## Aim of the task
Word for word, transcribe the lines below and drop the pictures.

## Information shown
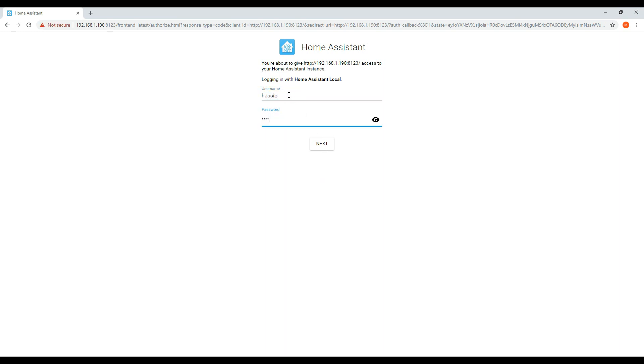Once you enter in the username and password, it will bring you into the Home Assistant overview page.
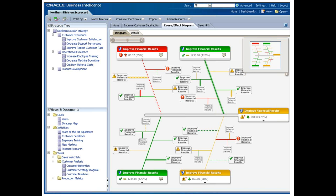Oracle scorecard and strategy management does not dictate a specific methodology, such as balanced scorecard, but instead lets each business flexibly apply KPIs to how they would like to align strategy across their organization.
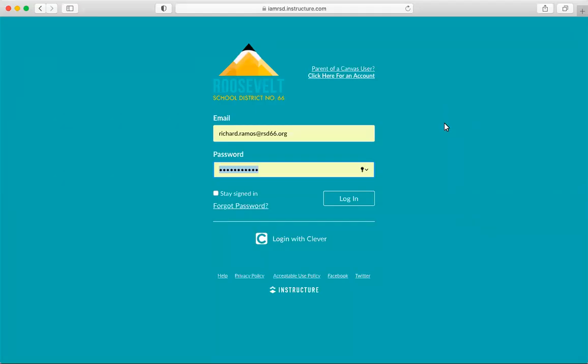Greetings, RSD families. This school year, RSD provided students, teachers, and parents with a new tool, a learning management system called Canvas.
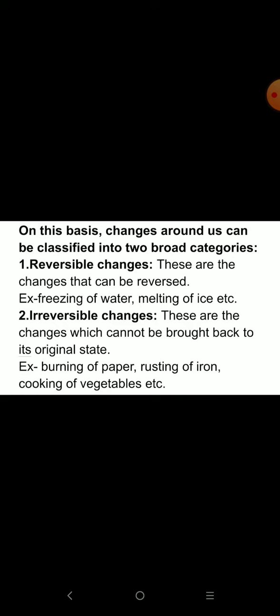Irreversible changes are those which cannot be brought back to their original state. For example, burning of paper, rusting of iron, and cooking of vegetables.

## Written answer
Once you enter in the username and password, it will bring you into the Home Assistant overview page.
Oracle scorecard and strategy management does not dictate a specific methodology, such as balanced scorecard, but instead lets each business flexibly apply KPIs to how they would like to align strategy across their organization.
Greetings, RSD families. This school year, RSD provided students, teachers, and parents with a new tool, a learning management system called Canvas.
Irreversible changes are those which cannot be brought back to their original state. For example, burning of paper, rusting of iron, and cooking of vegetables.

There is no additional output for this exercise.